MIDDLETON–Conversation at the Middleton Equity Team (MET) meeting last week centered mostly around the redistribution of wealth within the community and how that could be achieved. 

After watching a short video about redlining, the practice of rating neighborhoods and drawing red lines around those deemed least desirable, the committee broke into small groups to discuss the practice and what it means in regard to wealth, how racist neighborhood covenants have affected the city and the impact of redistribution of wealth. The members returned to as a whole and discussed the factors that affected wealth distribution. 

One concern was some of the neighborhoods with infill housing lack green space and transportation options. One idea was to include green space when planning infill projects in existing neighborhoods. 

Middleton Cross Plains Area School District (MCPASD) Director of Equity and Student Achievement Percy Brown Jr. suggested, “It may be worthwhile to brainstorm ways in which you can redistribute capital. For our families of color, transportation is huge.”

Other suggestions included building wealth through small investments, making higher education accessible through satellite libraries and availability to all resources and documents.

Simrnjit Seera, who is running for Middleton school board in Area V and studied health science, added that environmental racism is also a problem and cited lack of tree cover in neighborhoods with a high concentration of people of color, contributing to heat stress.

Mayor Gurdip Brar said that as a community we need to help people and added that without the help of others he may still be in the mall village in which he grew up.

“We must look at people who are underserved–if we don’t look at it now, we are creating the same situation.”

Former mayor Doug Zwank questioned the amount of affordable housing in the way of apartments and said he would like to see more small condos that would provide an opportunity to build monetary equity.

Middleton City Administrator Mike Davis defended the city’s decision to build affordable apartments and noted that affordable housing is a way for parents to get their child into the school district without buying property, which can be inhibitive for many low-income workers. Education is important to lift oneself out of poverty, he noted.

Additional suggestions for creating wealth redistribution included:

• Eliminating Gerrymandering

• Reinstating the city’s down payment plan for home ownership.

• Including young people in conversations about equity.

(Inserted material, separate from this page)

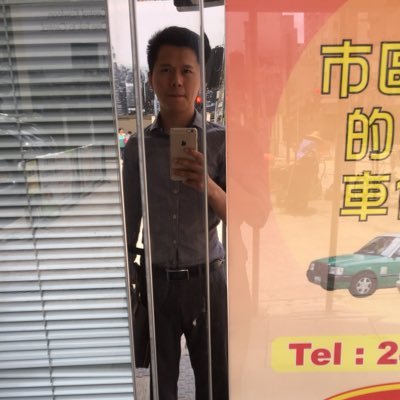 Profile Picture of Daniel，Ying HE (@daniel115501) on Twitter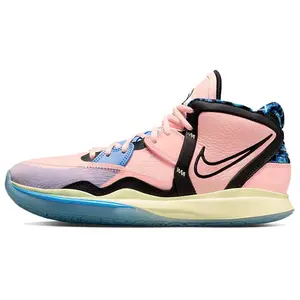 Nike Kyrie Infinity Valentine's Day Basketball Shoes – Unisex Mid-Top Performance Lace-Up Sneakers Verifiable, with credentials and supporting global authentication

In addition to wealth distribution, the MET discussed diversifying city commissions and committees. The city is currently accepting applications for several commissions and committees and Brar said he would like to see more diversity to reflect the diversity of the community.

“My first goal was gender equity, and we’ve been successful with some diversity, but not with Black residents,” he said. 

For more information and to apply for a position on a committee or commission, visit https://www.cityofmiddleton.us/120/Committees-Commissions.

There was also a discussion about equity in the schools, and the need for the schools to be anti-racist and pro learning.

Mandi Sersch-Morstad MCPASD Director of Bilingual Services and Brown are working on anti-racist, professional development for staff. The pair is working on a video to highlight the districts efforts to be more racially just.

“We have not done a very good job at telling our story,” Sersch-Morstad said.

Brown added that the district has been working on improving cultural studies and restoring classed like social studies to the curriculum. In addition, there is a need to include cultural perspective other than Western European to history, and social studies classes.